Whereas Mount Vernon’s exterior is crisp and stately, its interiors have a beguiling, intimate quality, rooted in the ordered domestic life of the Georgian era. As we saw in last week’s article, George Washington took up residence in 1754 and made numerous architectural and decorative improvements, extending the house to its current form of 21 rooms over three periods, during the mid 1750s, late 1770s to early 1780s and 1790s. His use of pattern books by Abraham Swan, William Pain and Batty Langley to serve his craftsmen as models for elegant carved detail and decoration gives an insight into the transmission of such details across the British Atlantic world.
Today, Mount Vernon is shown as it was in the 1790s, during its pre-eminence as the home of not merely a prosperous Virginian gentleman, but America’s first President.
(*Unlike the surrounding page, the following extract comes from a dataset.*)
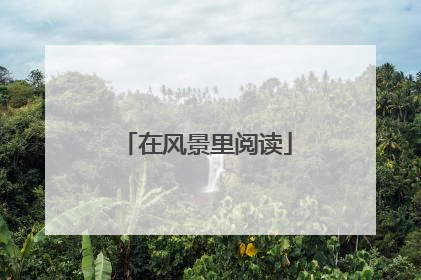 在风景里阅读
Its interiors have been slowly and painstakingly returned to their state immediately before Washington’s death in 1799, although, naturally, the decoration and furnishing of these rooms was layered onto earlier schemes. This restoration has been guided by extensive research by Mount Vernon’s curatorial team. These elegant spaces exemplify the social and domestic values of 18th-century agrarian colonial landed families and are shaded with the ideals of the new republic.
The centre of the house was built in 1734, although the ground-floor rooms were improved in the 1740s and 1750s. In plan, it comprises an entrance hall, which runs east-west, the Front Parlour to the north; the dining parlour to the south and two bedchambers looking east towards the river. The northerly bedroom became a Little Parlour in the 1780s.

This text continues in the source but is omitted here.